Sidney Ells, an engineer with the federal Department of Mines, was dispatched to characterize the oilsands in 1913. Ells was among the first to correctly grasp that the oilsands were not fed by an underlying pool of oil, as was earlier believed by those conducting drilling to prove that point. Like Clark, Ells was an early backer of oilsands use as a road paving material before becoming convinced that was not economically viable. He then became a life-long proponent of developing the oilsands, believing their greatest value lay in extracting the oil, and actively encouraged private sector involvement in their development. He toured several U.S. facilities where hot water separation had been attempted and for a time conducted further research at the Mellon Institute of Industrial Research in Pittsburgh, Pennsylvania.

Clark’s first assignment was to review Ells’s work regarding commercial development of the bituminous sands of Alberta. Then, while undertaking his own study of its potential for road paving, he unexpectedly created separation while working with standard emulsion procedures. His growing interest in the oilsands coincided with the creation of the Alberta Research Council (ARC) in 1921 and he was recruited as the ARC’s first researcher by Henry Marshall Tory, ARC’s founder and University of Alberta president. He would remain with ARC and the university for the balance of his career, a career renowned not so much for inventing the hot water separation method but for improving it and taking it to a commercially viable conclusion.
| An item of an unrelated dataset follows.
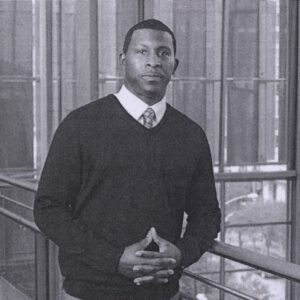 Taje Allen in a sweater and tie, standing indoors in a recent professional portrait.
Clark, with assistant Sidney Blair, designed and built his own oilsands separation apparatus in the basement of the university’s power plant building in 1922. Incorporating his improvements on the standard process — which involved adding hot water to cause the quartz sand to sink to the bottom and the bitumen to float to the surface where it could be skimmed off — Clark created a relatively uncomplicated but effective technique. “To put it in layman terms, his initial processes weren’t completely dissimilar from an old hand-washing machine,” says Murray, noting the original has been put on display in ARC’s Edmonton office. The apparatus, which could treat half a ton of sand per hour for short periods, worked well enough to initiate construction of a larger, continuous separation facility at Dunvegan outside Edmonton in 1924.
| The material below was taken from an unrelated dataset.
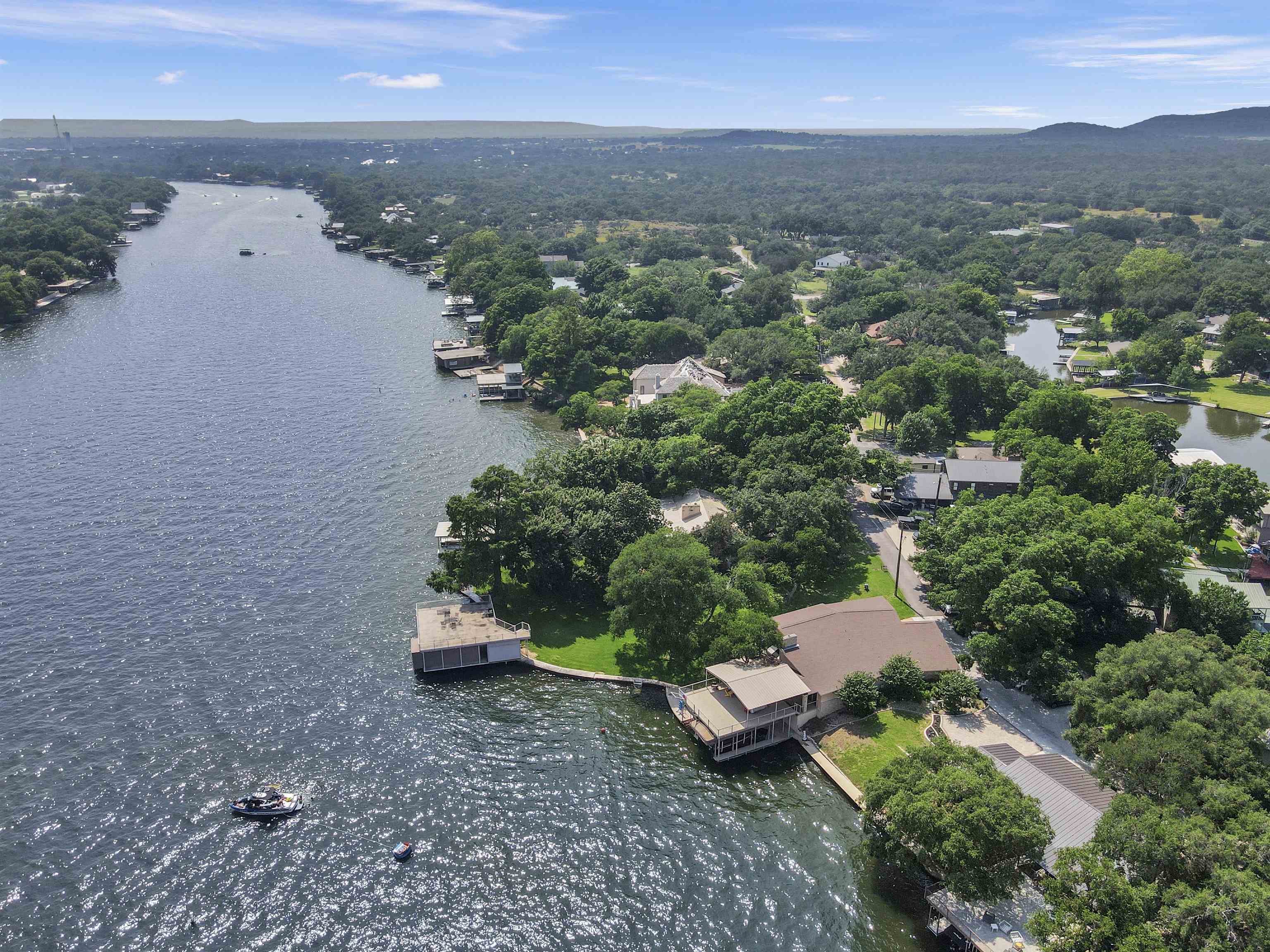 an aerial view of a house with a yard and lake view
Laboratory study of drying and cleaning operations continued and in 1929 the separation process became the subject of the ARC’s first patent, a patent that would be incorporated into the Suncor and Syncrude plants decades later. Essentially, it involved feeding the oilsands into a large rotating drum with a hot water-caustic soda mix. Aerating the slurry caused a floating froth of bitumen to form at the top which could be removed for further processing. The same year, the Dunvegan facility was dismantled for shipment north to the Fort McMurray area for pilot testing. It would process 730 tonnes of oilsands and produce 60,000 litres of bitumen in 1930.

On site piloting, and the chance location of the pilot in an area with an unusually high concentration of salts, led to a significant advance in the understanding of the process. High concentrations of iron salts caused high acidity. It was determined that separation worked best after the acid was neutralized, but that neutralizing with lime impeded separation. Neutralizing with soda ash before a hot water wash, however, led to a high level of separation.

Clark continued to spearhead improvements to the process both in the lab and in various experimental facilities. He produced numerous papers and reports while he taught in and later headed the University of Alberta’s Mining and Metallurgy Department. He acquired a second patent in 1948 dealing in part with the optimization of air bubbles in the separation process. His work led to the completion of a separation facility at Bitumount in 1949, since declared an Alberta Historic Site, that demonstrated the feasibility of the process. After his retirement, Clark consulted for Great Canadian Oil Sands until his death in 1966 at 78.

With the surface production of bitumen proven to be economic, it was left to researchers like Roger Butler to find a way to access the 90% of oilsands too deep for open pit mining. Born in England, Butler earned his PhD in chemical engineering at London’s Imperial College of Science and Technology in 1951. He taught at Queen’s University in Kingston, Ontario, before joining Imperial Oil Limited in 1955.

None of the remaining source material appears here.